Rejimin görünmeyen yöneticileri Putin’e karşı  sessizce meydan okuyorlar. 'Gece yönetimi'nde Ekonomik Kalkınma eski Bakanı Alexei Ulyukayev ön plana çıkıyor. 

Google Haberlere Abone ol

Konstantin Gaaze *

Geçen yıl Rusya’nın yönetim biçimi bir gündüz, bir de gece vardiyası olacak biçimde çalıştı.

Kamuoyu,  Vladimir Putin’i hükümeti yönetiyor ve şimdi tekrar seçilebilmek amacıyla işçilerle buluşuyor, uzaya roket gönderiyor, yabancı üst düzey temsilcileri makamında kabul ediyor diye biliyor.

Aynı zamanda ülke, Putin’in yakın müttefiki Igor Sechin’in kışkırtmasıyla Ekonomik Kalkınma eski Bakanı Alexei Ulyukayev hakkında başlatılan soruşturmada, “gece hükümeti” ve gölgelerde gizlenen kişiler tarafından uygulanan diğer korkutma ve tehdit olayları konusunu ele aldı.

Rusya’nın gündüz yöneticileri, ya karanlıkta, gölgelerde çalışan bu kişilerin var olmadığını öne sürüyor ya da yalnızca meşru hükümetin çıkarlarına hizmet ediyormuş gibi davranıyorlardı. Ancak bu süreç, Putin’in başkanlığının son on sekiz yılı boyunca o kadar alenileşti ki; gölgedeki yöneticiler şu ana dek ülkeyi kendilerinin yönettiği konusunda ikna olmuş durumdaydılar.

DÖRDÜNCÜ DÖNEM ÇOK YAKIN

Putin, önümüzdeki mart ayından başlayarak dördüncü başkanlık döneminde hizmet vermeye hazırlanırken, Rusya’nın karşı karşıya olduğu temel soru şu; bu karanlık gece yöneticileri, görev süresinin sonuna yaklaşmış bir liderin emirlerine uyacaklar mı, kendi bildikleri gibi mi çalışacaklar, yoksa kullandıkları otoriter sistemi yaratan adamı görmezden mi gelecekler?
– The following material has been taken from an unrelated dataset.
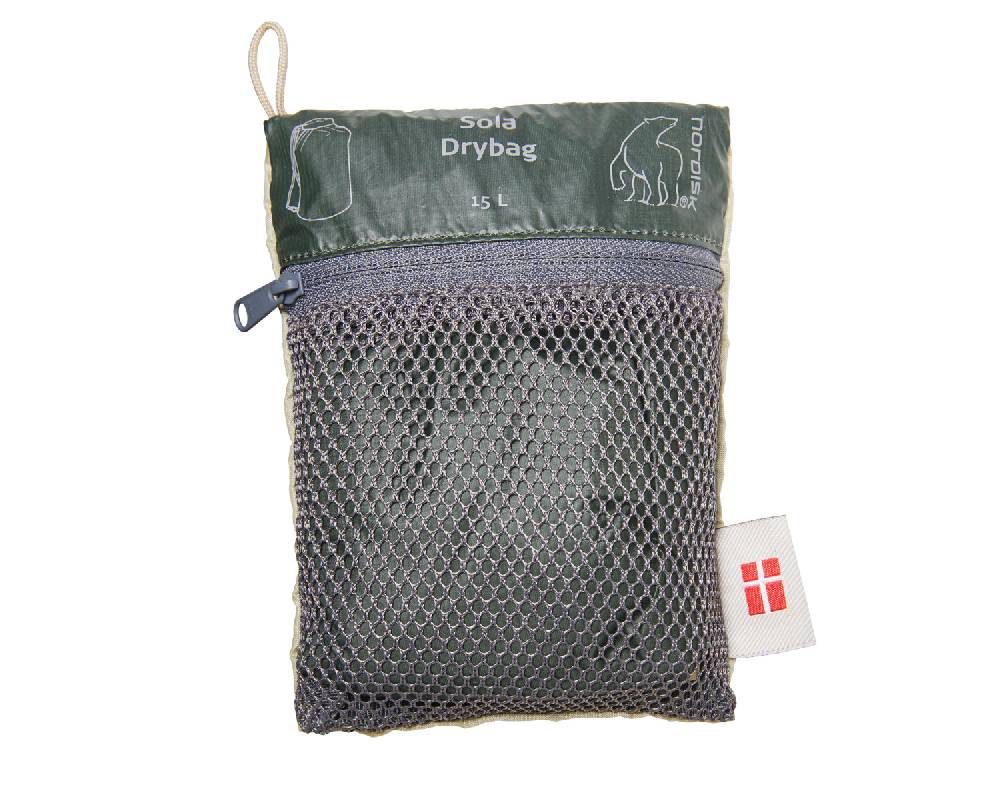 Nordisk Sola 15 drybag 15 L Forest Green Schlussverkauf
Çok yakında bunun cevabını da öğreneceğiz.

Kremlin uzun süredir yeni yağlanmış bir makine gibi iyi işleyen bir siyaset cihazı gibi çalışıyordu.  Putin, her başkanlık döneminin başında devlet kurumlarını güçlendirerek hükümeti elden geçirdi ve iktidarın devlet bürokrasisinde yeniden dağılımını gerçekleştirdi.

Bunu her yaptığında devlet bürokrasisinin gücü büyüdü ve sonunda Kremlin’deki hâkim rejime bir rakip olarak ortaya çıktı. Rejim, sonrasında, yasadışı kararlarına itiraz eden herhangi bir devlet yapısının etkisiz hale getirilmesi amacıyla bir “tamir” görevine başlayacaktı. İktidar, gücünü (şiddet ya da yıldırma yoluyla) kullanarak, devlet kurumlarının gelişmesine ve olgunlaşmasına asla izin vermiyor.
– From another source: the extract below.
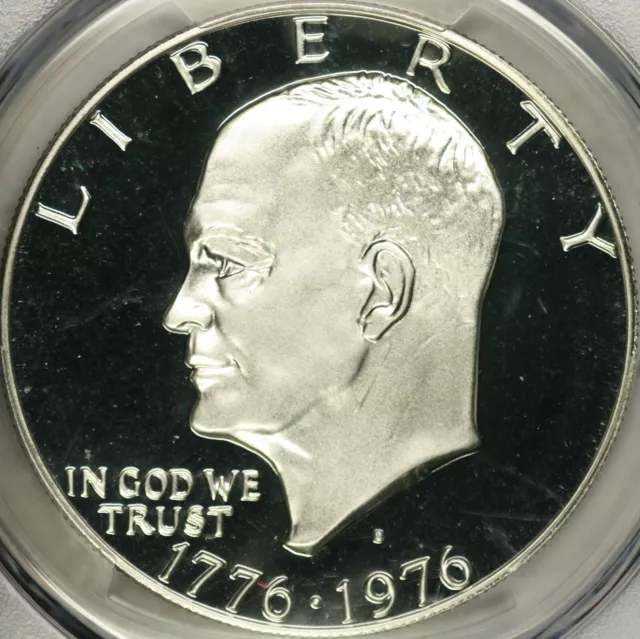 1976-S Silver Proof Eisenhower Dollar PCGS PR70DCAM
2002’de bu süreç bölgesel seçkinlerin temizlenmesine neden olmuştu. 2005 yılında ekonominin kritik sektörlerinin kamulaştırılmasını içeriyordu. Devlet başarılı bir şekilde dağıtıldıktan sonra, rejim onu yeniden inşa etmeyi başardı.

Bu dinamik, döngüsel bir durum ve son on sekiz yılın çoğunda Başkan tarafından idare edildi: Putin, devlet kurumları ve kişiselleştirilmiş rejim arasındaki gücü yapay olarak tersine çevirerek, elinde tuttuğu gücü güvence altına alabildi. Ancak Başkan Putin’in dördüncü dönemine yaklaşırken, rolüne sessizce meydan okunuyor.

ULUKAYEV ÖNEMLİ BİR ÖRNEK

Başkan, Ekonomik Kalkınma eski Bakanı Alexei Ulyukayev’in son zamanlarda gerçekleştirdiği cezai soruşturmalar gibi çok sayıda önemli davaya müdahale etmek istemediğini ya da müdahale edemediğini açıklamıştı; St. Petersburg’da önemli bir özel okul olan Avrupa Üniversitesi’nin lisansının iptal edilmesi ve güçlü bir finans şirketi olan “Sistema Financial Corporation”a karşı açılan davalar ciddi sorunlar yarattı. Putin’in sağdan soldan çekiştirilmesine benzer biçimde, yakın çevresinin güçlerini bağımsız olarak genişlettiğine dair bazı emareler var.

Rejimin devletin hedeflerini gerçekleştirmek için kendine ortak seçme olanağı riskli bir durum; zira, bu adımlar çoğu zaman yasadışı ve gayri meşru biçimde yürüyor. Rejim, aktörlerinin özel operasyonlar, gizli emirler, tutuklamalar ve yargıdan bağımsız şiddet uygulayabilmesi amacıyla çeşitli gerekçeler kullanıyor.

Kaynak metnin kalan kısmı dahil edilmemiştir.